THE DATA START

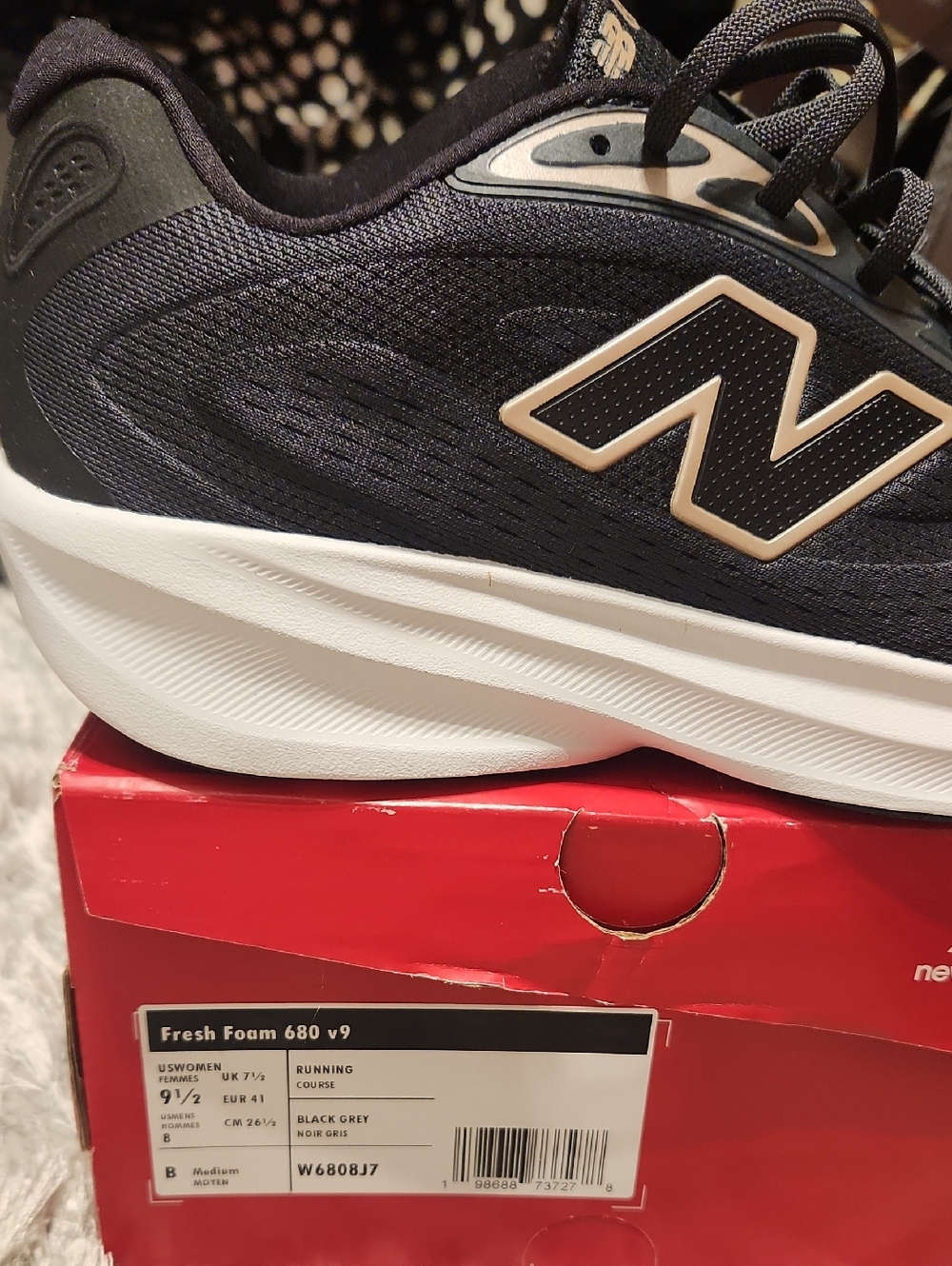 New Balance Men's Running Sneakers in Black and Grey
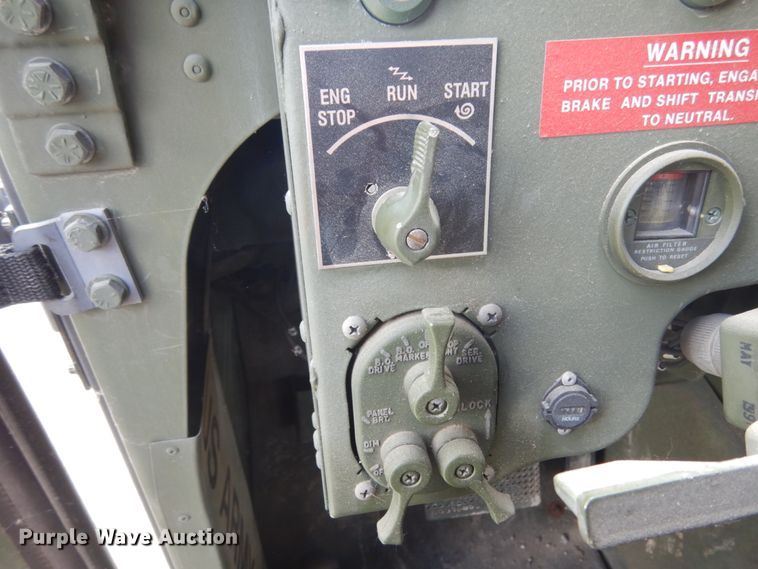 image for item IL9493 1991 Am General HMMWVM998  Humvee SUV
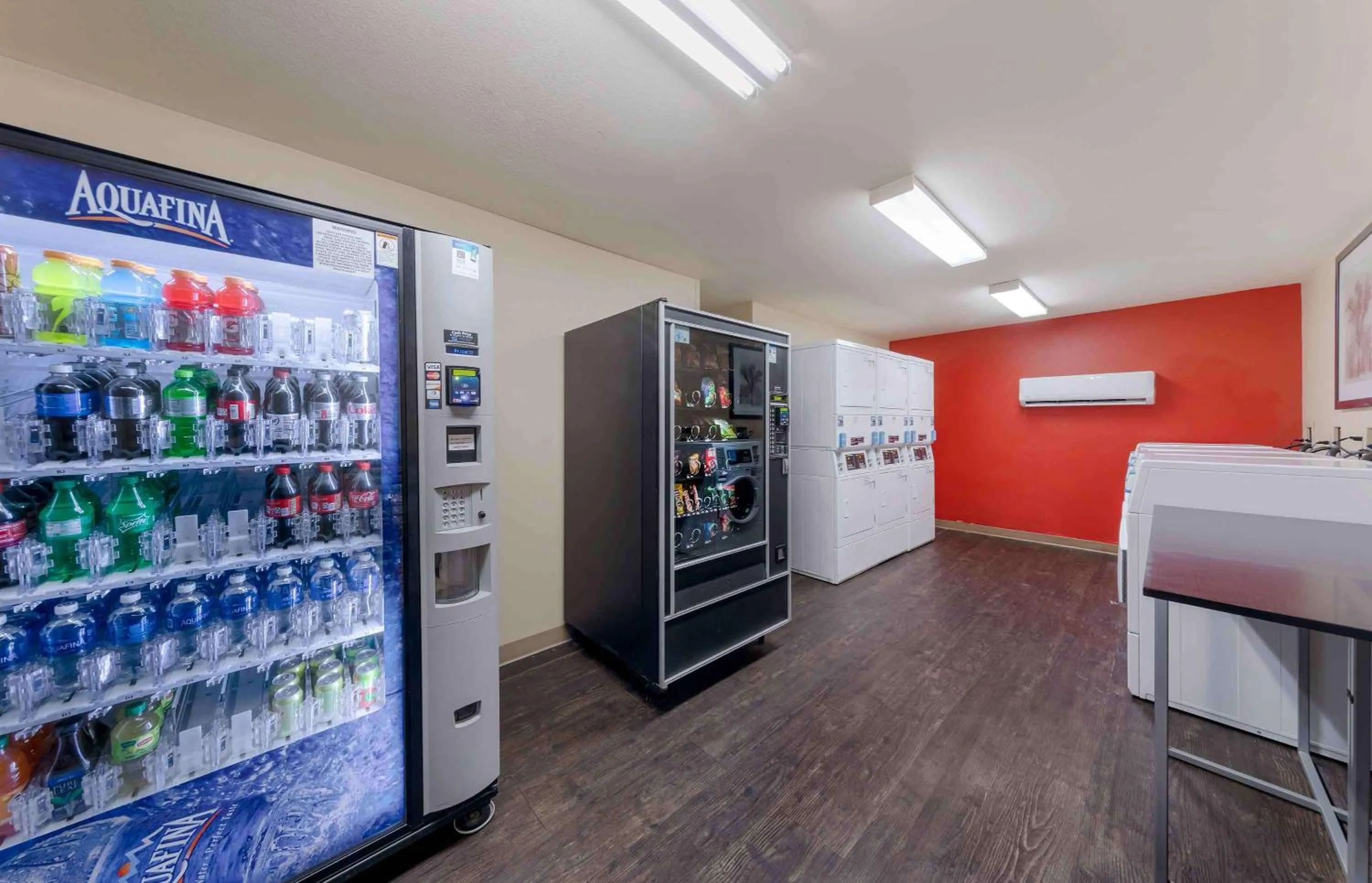 Property building in Extended Suites - Orange County - Anaheim Hills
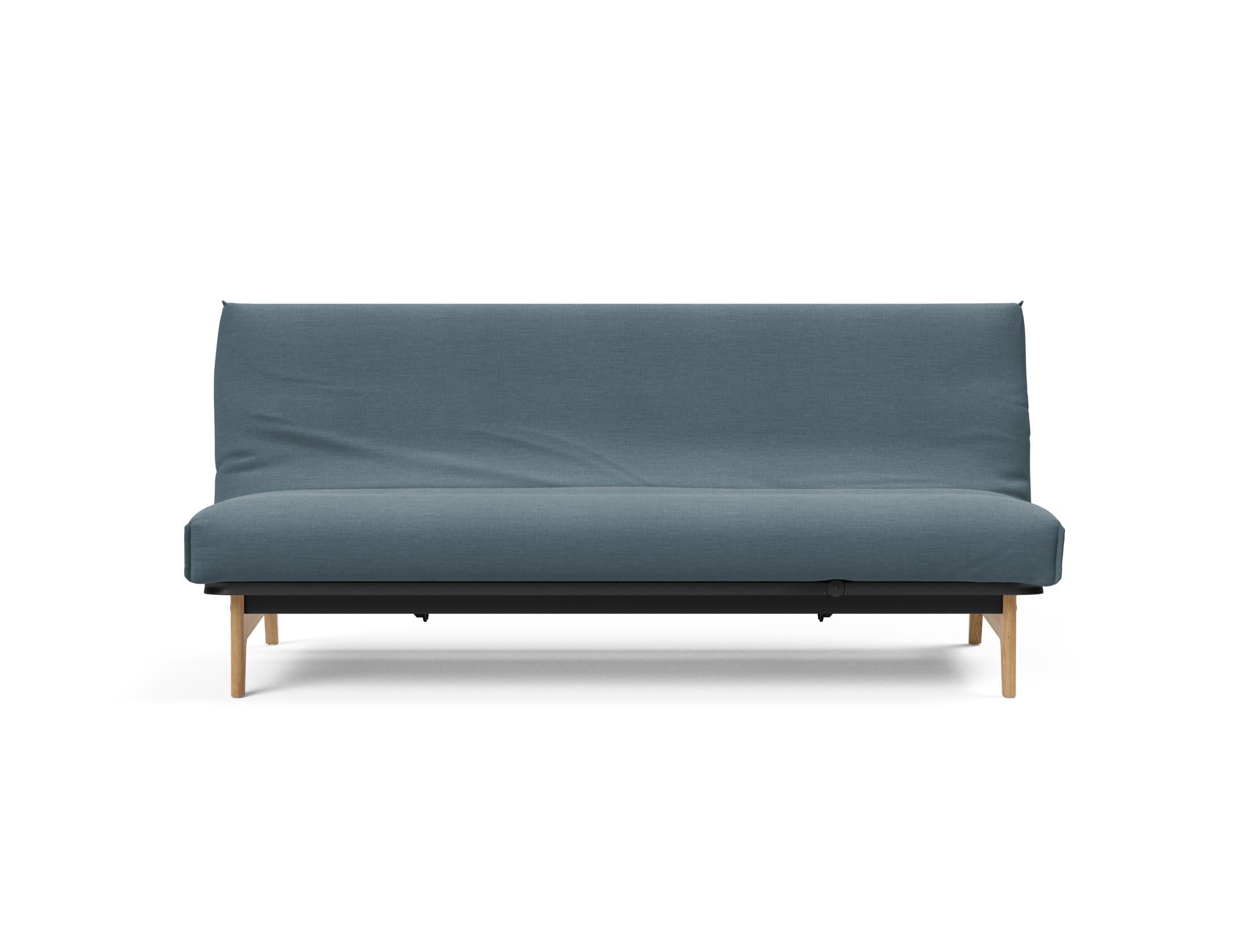 Erleben Sie das Aslak 120 Bettsofa Nordic Cover Soft Spring von Innovation Living – eine perfekte Kombination aus modernem Stil und bequemem Schlafplatz.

THE DATA END

▶ [DESCRIPTION OF THE TASK]: Copy exactly what appears from the line holding "Property building in" to the end of the material, keeping both end lines. Pictures are not part of the copy.

▶ [ANSWER BOX]:
 Property building in Extended Suites - Orange County - Anaheim Hills
 Erleben Sie das Aslak 120 Bettsofa Nordic Cover Soft Spring von Innovation Living – eine perfekte Kombination aus modernem Stil und bequemem Schlafplatz.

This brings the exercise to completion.